La veille au soir, le directeur est passé de cellule en cellule, cuissardes de caoutchouc tirées sous les aisselles. « Vous serez évacués demain. » Et il m’a tendu une bougie avant de réaliser que deux lampes à huile brulaient sur la table. « Ah ! mais dites donc, vous êtes bien installé ! ».
Dans l’ancien temps carcéral, la confection des « chauffes », après l’extinction des feux coutait dix jours au pain sec et à l’eau. Lorsque j’avais allumé la mèche, les souvenirs avaient émergé... Les coursives des quartiers des prisonniers politiques de la Santé et du Fresnes d’avant la télé ; et le QHS d’Auxerre, où il fallait guetter le cliquetis des clefs, maquer le vasistas pour les miradors et profiter de la flamme dansant sur la plage.

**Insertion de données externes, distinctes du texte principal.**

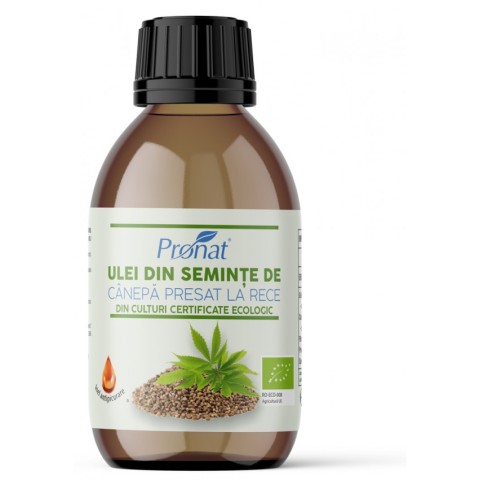 Hrana sanatoasa, Ulei bio din seminte de canepa presat la rece, 100ml, biomag.ro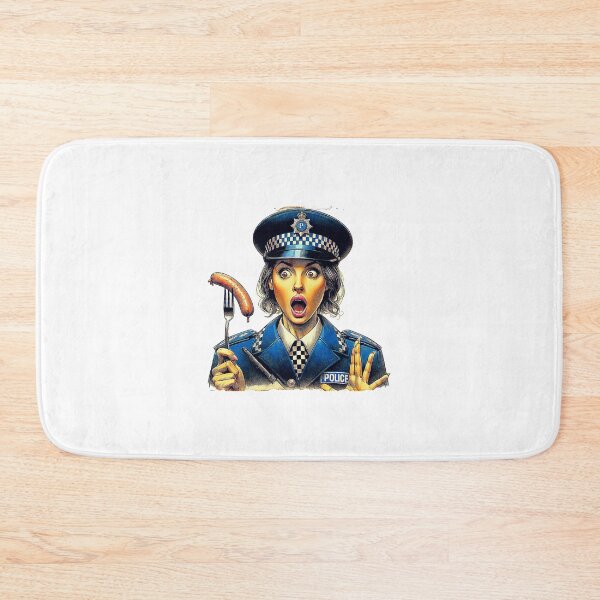 Item preview, Police Woman, sausage on a Fork. Get Forked designed and sold by Get-Forked.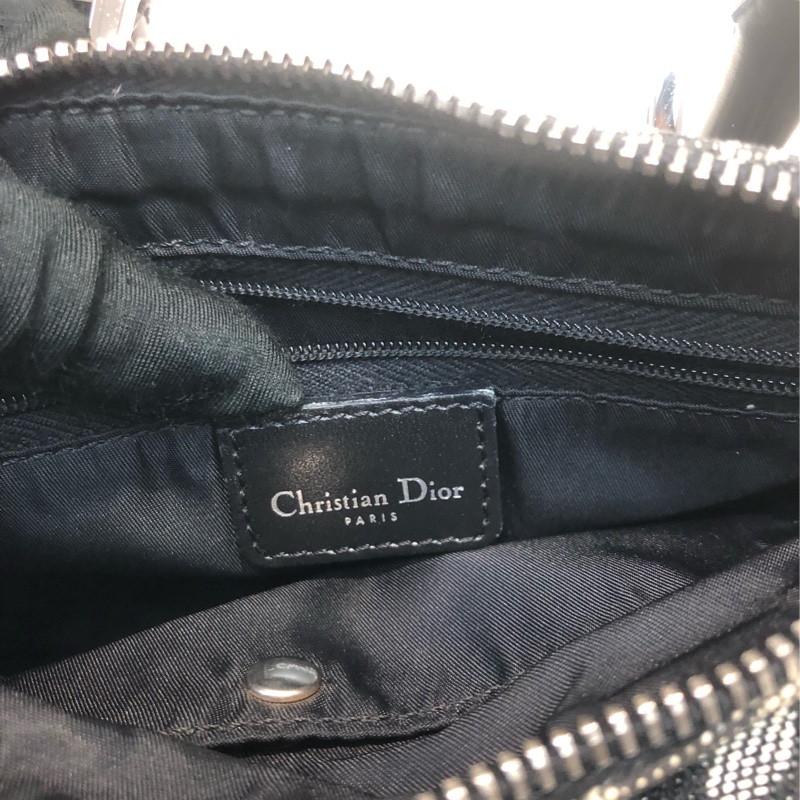 Dior 老花黑色Mini波士頓 XB906-16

Cette nuit Arlésienne fut extraordinaire, la lune libérée des projecteurs et de l’éclairage public cabotait sur l’immensité du ciel renversé. Aucune lumière humaine ne troublait plus la cité engloutie. Aucun autre bruit que des clapotis du fleuve vagabond. Penchés aux bastingages, les détenus savourant la nuit buissonnière.
Vous êtes prêts ?
Dans le cache de la porte, trois cagoulards imposent leurs carrures renforcées. Je sors. Ils me fouillent. Le canon du fusil à pompe me scrute au fond des yeux. « Fais gaffe ! »
Gilets de sauvetage... gilets pare-balles... Ombres anonymes...

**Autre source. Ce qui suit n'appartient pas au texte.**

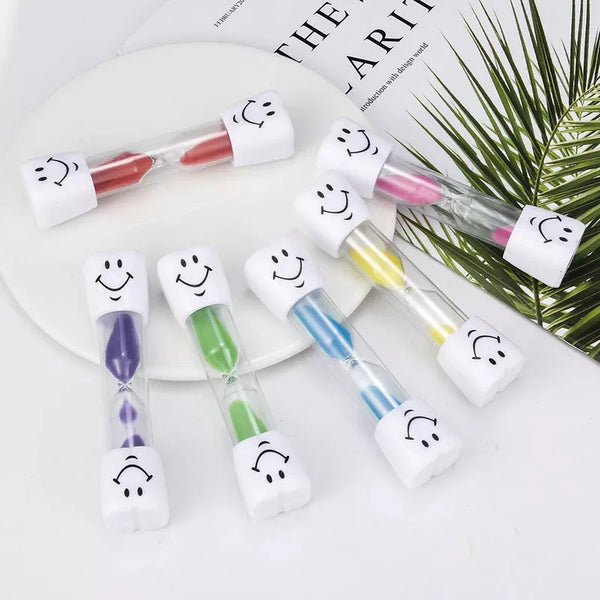 03 Minutes Children Kids Toothbrush Timer Hourglass Bath Sand Clock Timers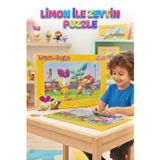 Limon İle Zeytin Maceraları: 35 Parçalı Eğitici Puzzle Sevilen Karakterler İle Eğlenceli Zeka Oyunu
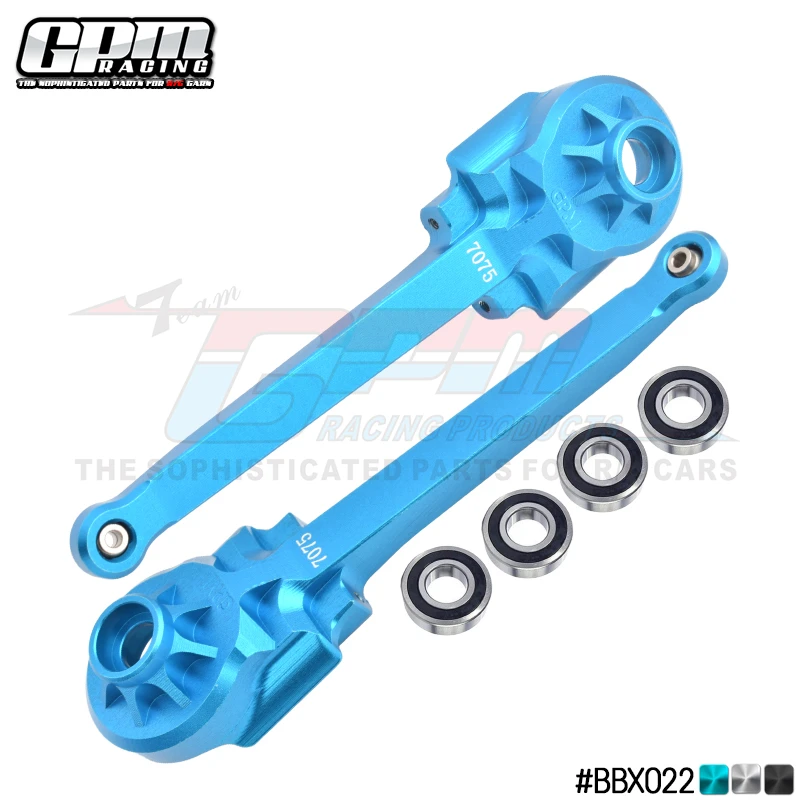 

GPM Aluminium 7075 Rear Suspension Arms Larger Bearings For TAMIYA BBX BB-01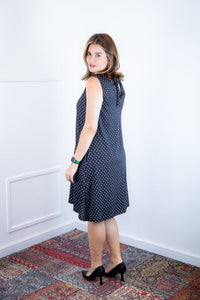 Vestido Emily - Regata de Amarrar nas Costas em Malha Confort - Naguirre Shop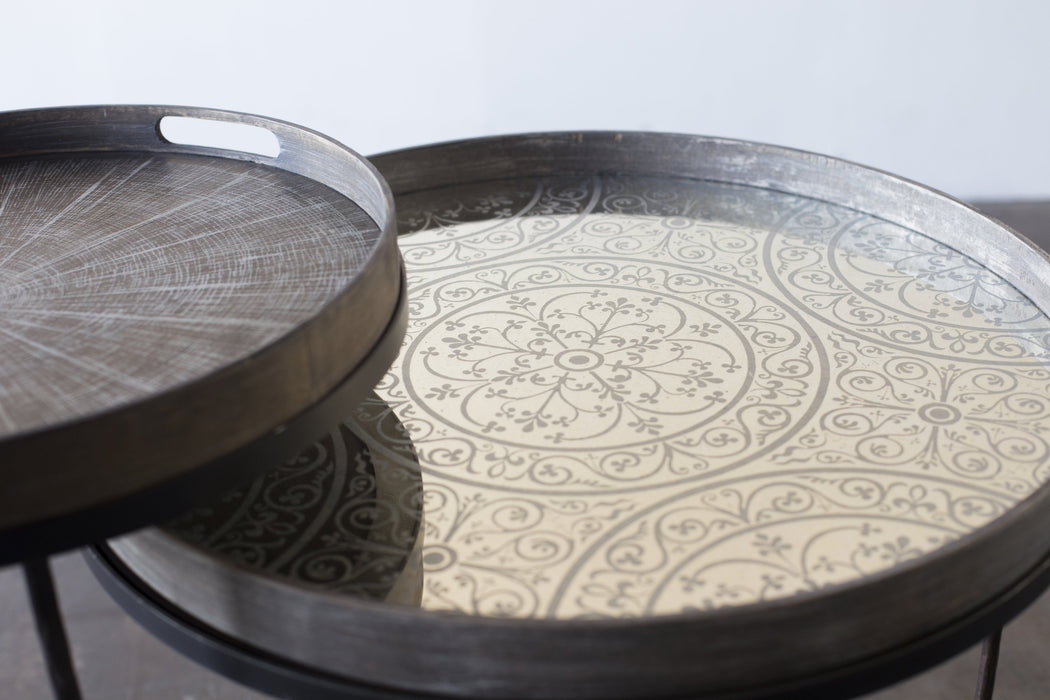 Moroccan Frost Large Mirror Tray
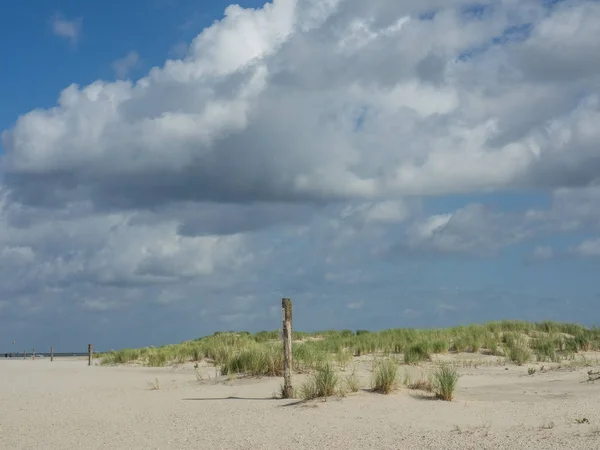 Die Deutsche Insel Spiekeroog Der Nordsee — Stockfoto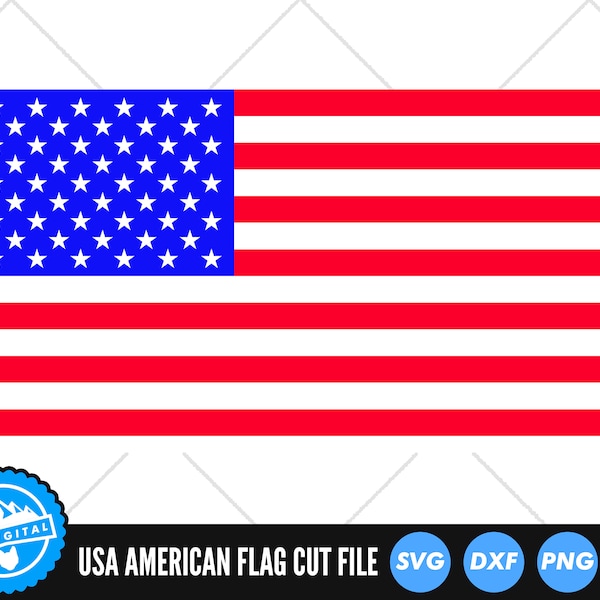 USA Flag SVG Cut File | United States Flag | July 4th Cut Files | American Flag Vector | Cameo Cut File | Cricut Cut File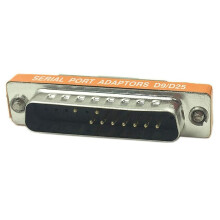 10X DB9 Female to DB25 Male Serial Port Cable Adapter Gender Changer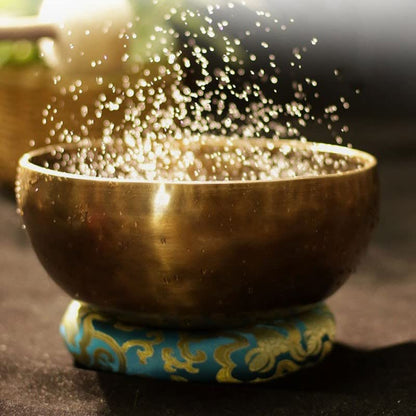 Singing Bowl Large Set Himalayan 7 Metal Singing Bowl for Prayer Healing Sound Gift，One Color 30cm - size: 30cm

La coursive est peuplée d’encagoulés. Je ne la reconnais plus. Trois ans que je vivais là, tous les jours, même le dimanche. Elle a été le témoin de nos fêtes, malgré tout, et de nos chicaneries, jamais graves, de nos efforts à tromper le naufrage de la mort lente. Mais maintenant, elle est étrangère, hostile.
Les moteurs des zodiacs surgissent. Au fil de l’eau, les canots inaugurent le bal. Sur le chemin de ronde, nous partons les premiers. A la fenêtre, Fouad crie : « Ramène nous des morues ! ». Plus loin, Jean-Marie dresse le poing en signe d’adieu...
Nous savons bien que c’est fini. Tout ce que nous avions conquis ici, nous devrons le reconquérir ailleurs.
La veille au soir, nous avons éclusé le dernier litron de la piquette maison. Puis bras dessus, bras dessous, nous avons entamé sur le pont, de vielle chansons révolutionnaires.
Dehors, c’est comme à la télé – enfin, ce qu’on voit aux actualités, chaque année, quand le Rhône crève une digue... Une vision banalisée de catastrophe, sauf que, ce coup-ci, nous sommes dans le bain, tenant le premier rôle des sinistrés.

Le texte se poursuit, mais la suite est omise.